[Task material Boundary: Start]

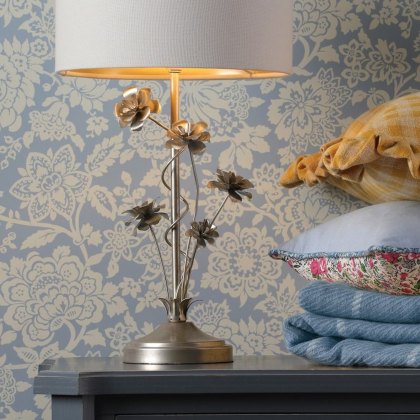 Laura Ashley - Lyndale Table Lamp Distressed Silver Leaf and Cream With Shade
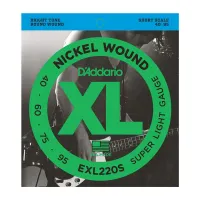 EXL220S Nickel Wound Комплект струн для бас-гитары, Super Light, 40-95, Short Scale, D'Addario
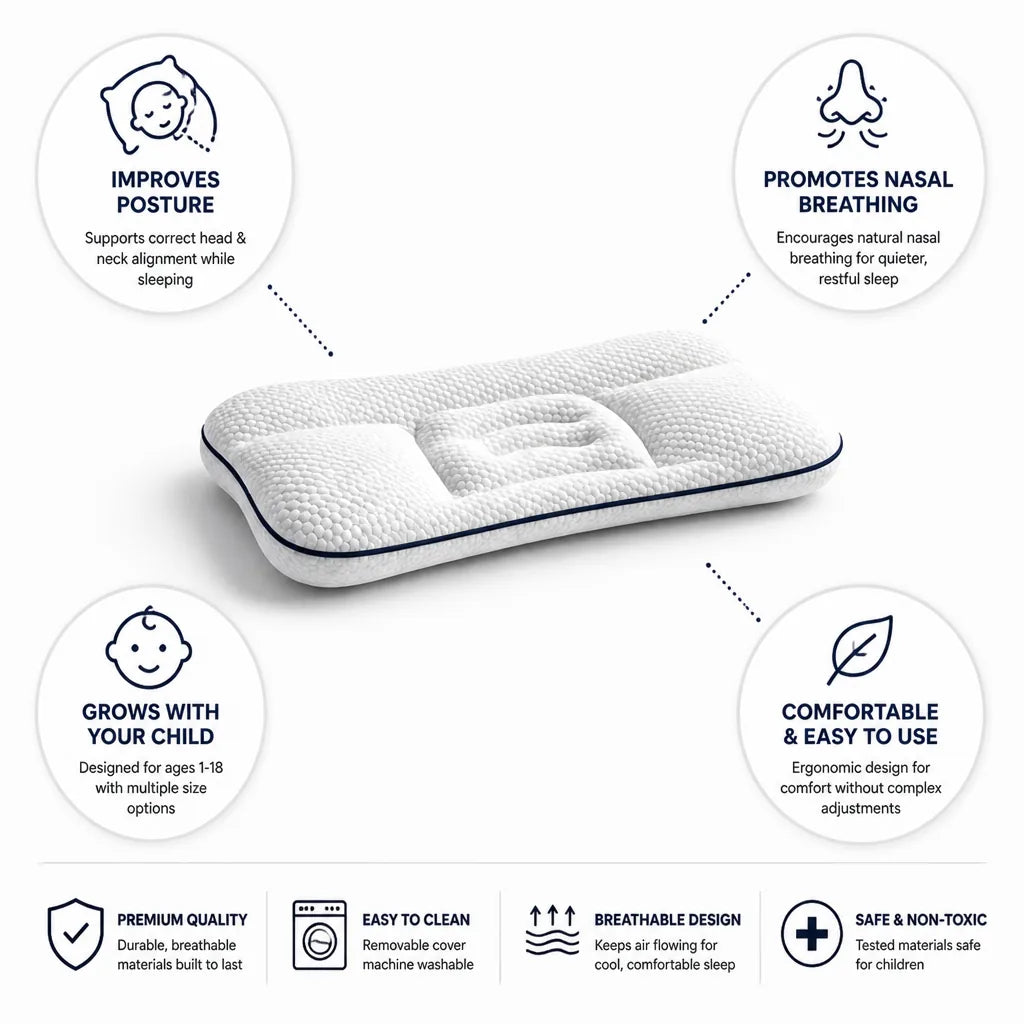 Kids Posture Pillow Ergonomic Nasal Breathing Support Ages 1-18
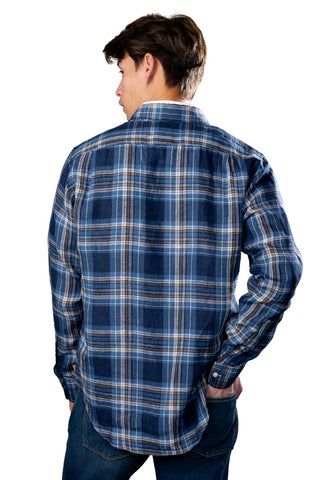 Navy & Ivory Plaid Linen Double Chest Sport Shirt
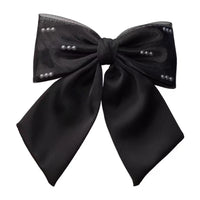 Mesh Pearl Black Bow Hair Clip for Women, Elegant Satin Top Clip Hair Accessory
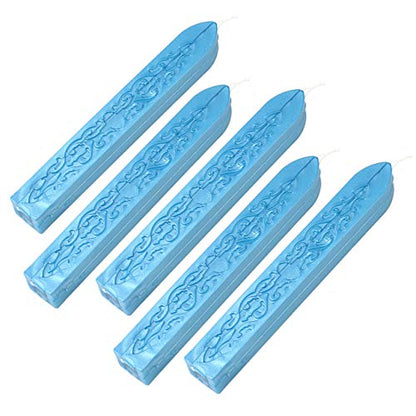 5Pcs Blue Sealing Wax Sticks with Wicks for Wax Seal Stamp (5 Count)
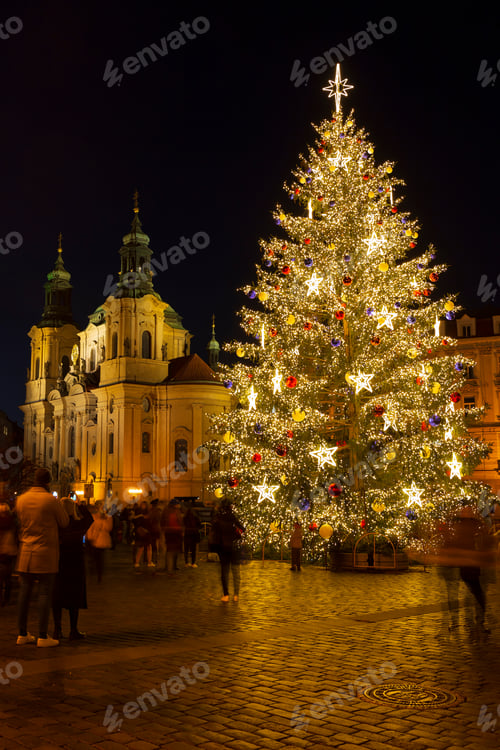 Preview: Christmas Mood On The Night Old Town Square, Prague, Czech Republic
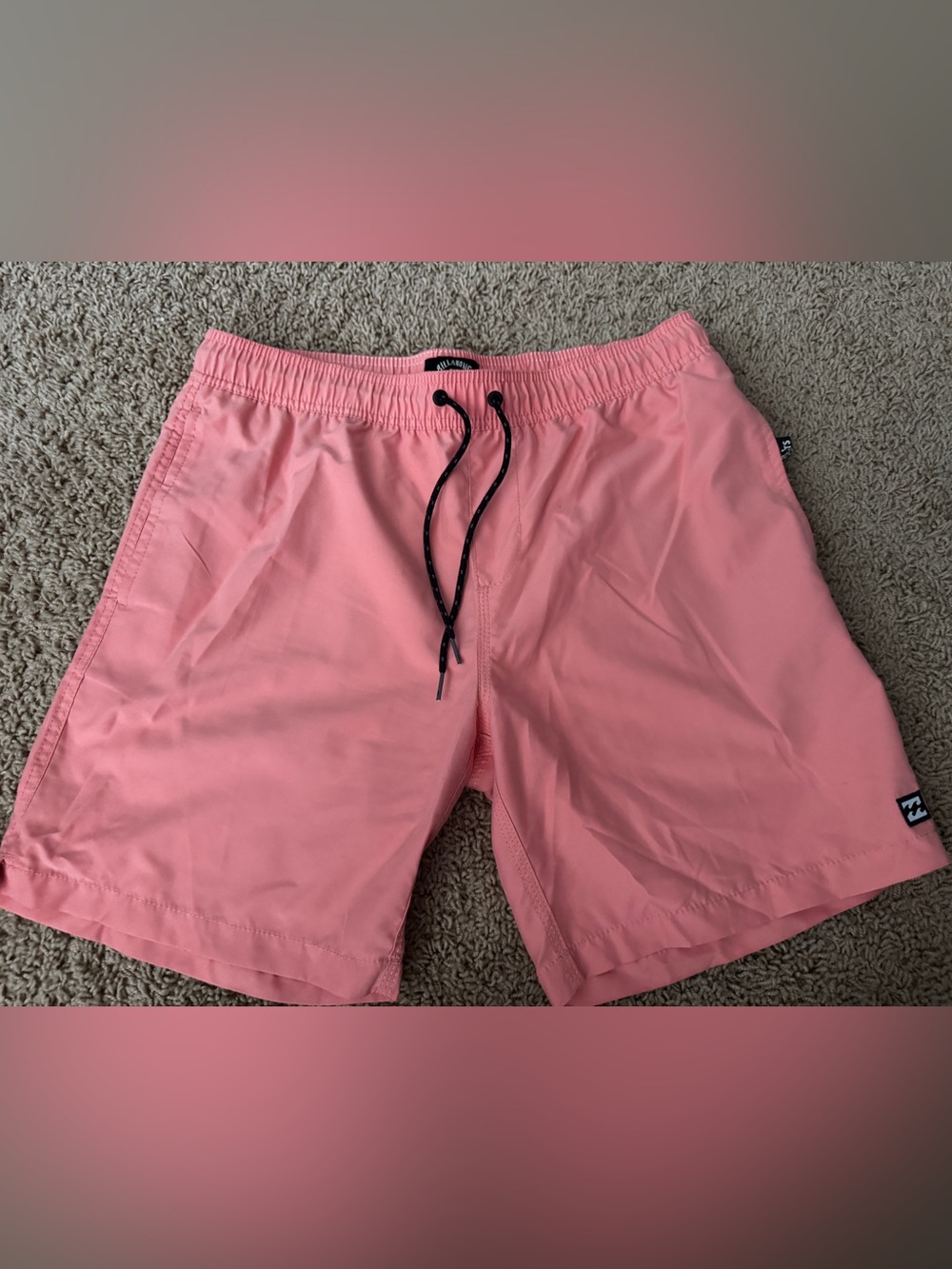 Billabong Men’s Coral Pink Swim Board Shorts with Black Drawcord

[Task material Boundary: End]
[Task material Boundary: Start]

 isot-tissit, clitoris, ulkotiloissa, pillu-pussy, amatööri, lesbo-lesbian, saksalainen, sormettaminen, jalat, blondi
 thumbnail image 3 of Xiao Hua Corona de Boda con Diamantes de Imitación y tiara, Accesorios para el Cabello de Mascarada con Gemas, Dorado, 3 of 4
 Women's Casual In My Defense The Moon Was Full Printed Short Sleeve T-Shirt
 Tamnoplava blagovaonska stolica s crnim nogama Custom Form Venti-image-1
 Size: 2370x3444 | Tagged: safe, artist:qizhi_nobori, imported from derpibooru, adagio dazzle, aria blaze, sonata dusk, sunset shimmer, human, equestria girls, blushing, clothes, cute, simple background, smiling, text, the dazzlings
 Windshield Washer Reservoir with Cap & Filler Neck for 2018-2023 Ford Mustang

[Task material Boundary: End]
[Task material Boundary: Start]

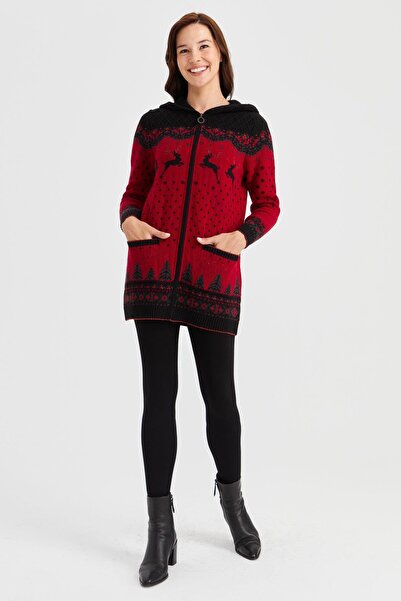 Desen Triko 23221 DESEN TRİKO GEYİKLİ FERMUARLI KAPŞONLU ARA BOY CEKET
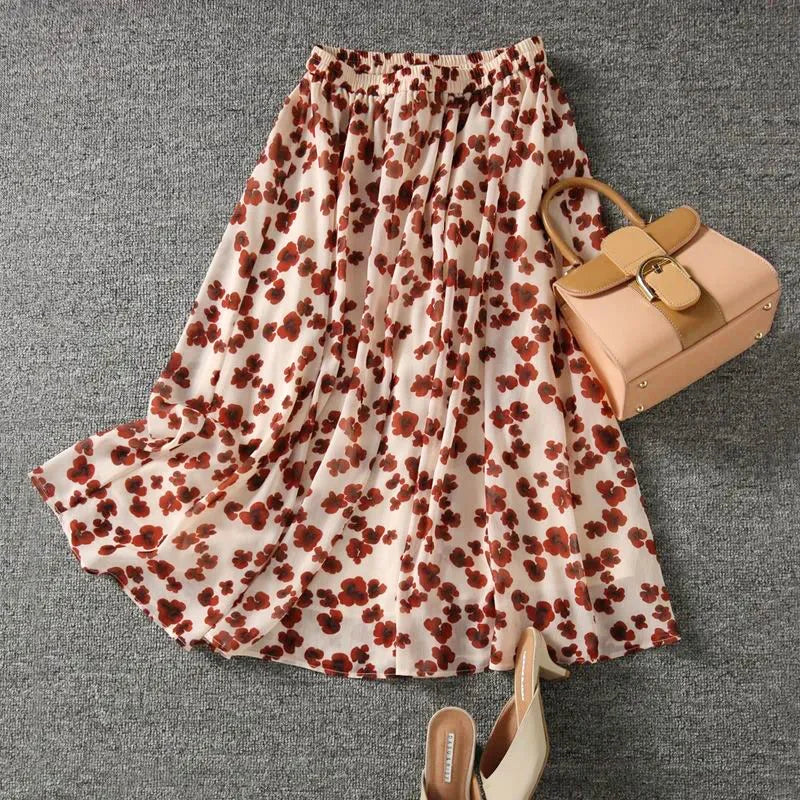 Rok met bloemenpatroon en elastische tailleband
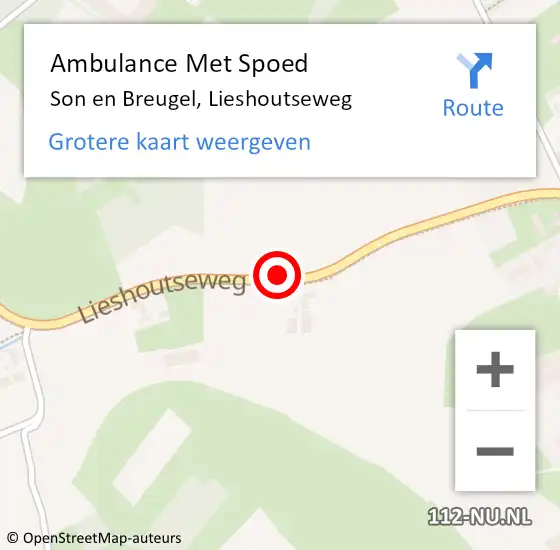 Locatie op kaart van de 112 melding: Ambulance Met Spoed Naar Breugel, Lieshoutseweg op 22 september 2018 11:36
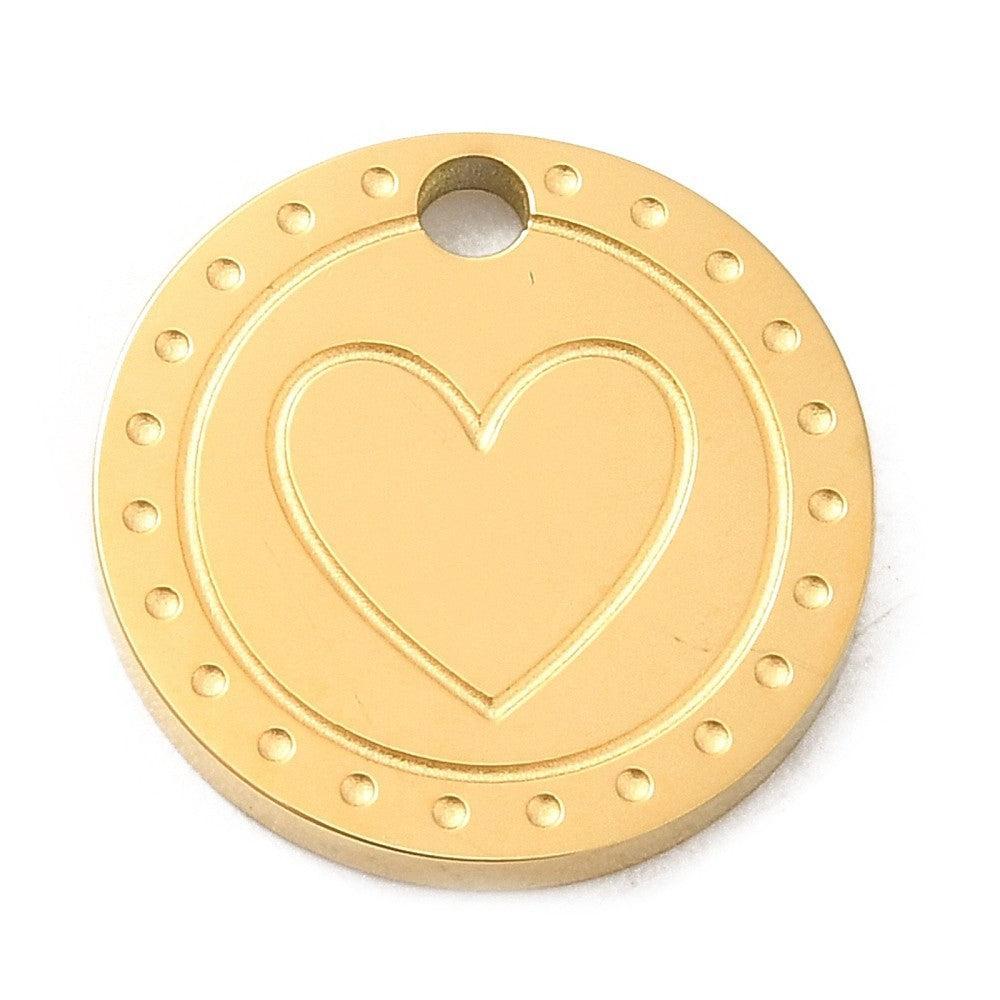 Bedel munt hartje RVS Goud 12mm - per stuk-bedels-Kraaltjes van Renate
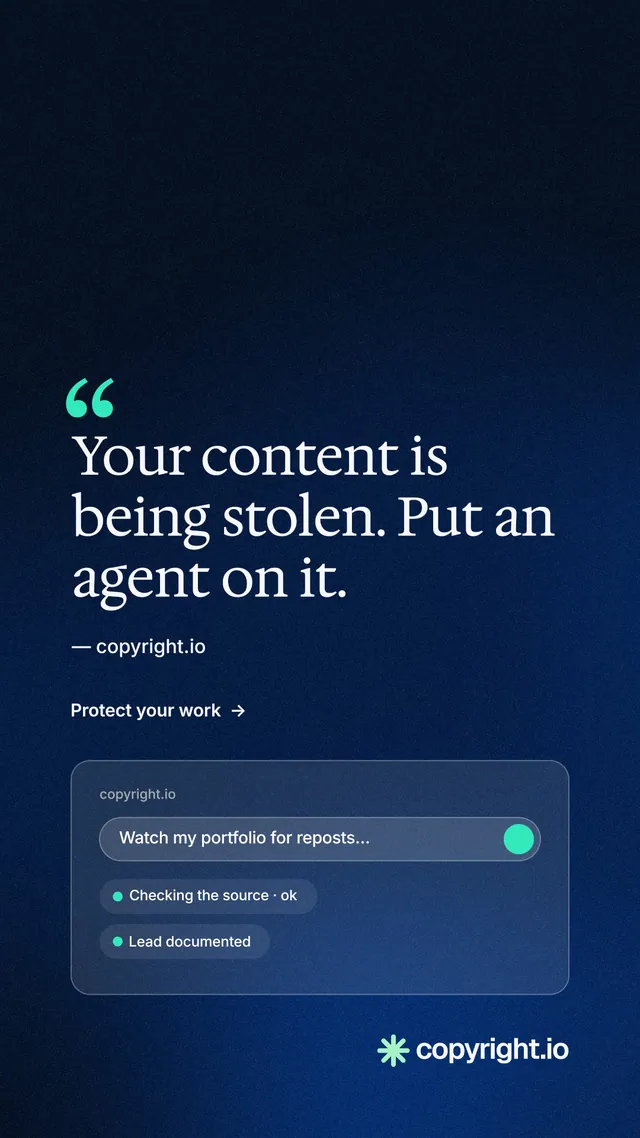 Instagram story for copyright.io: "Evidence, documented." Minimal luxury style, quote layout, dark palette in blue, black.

[Task material Boundary: End]

Task requirements: Everything above from the line with "Tamnoplava blagovaonska stolica" to the line with "Windshield Washer Reservoir", both included, must be repeated exactly, and nothing outside that range.

Answer to this problem:
 Tamnoplava blagovaonska stolica s crnim nogama Custom Form Venti-image-1
 Size: 2370x3444 | Tagged: safe, artist:qizhi_nobori, imported from derpibooru, adagio dazzle, aria blaze, sonata dusk, sunset shimmer, human, equestria girls, blushing, clothes, cute, simple background, smiling, text, the dazzlings
 Windshield Washer Reservoir with Cap & Filler Neck for 2018-2023 Ford Mustang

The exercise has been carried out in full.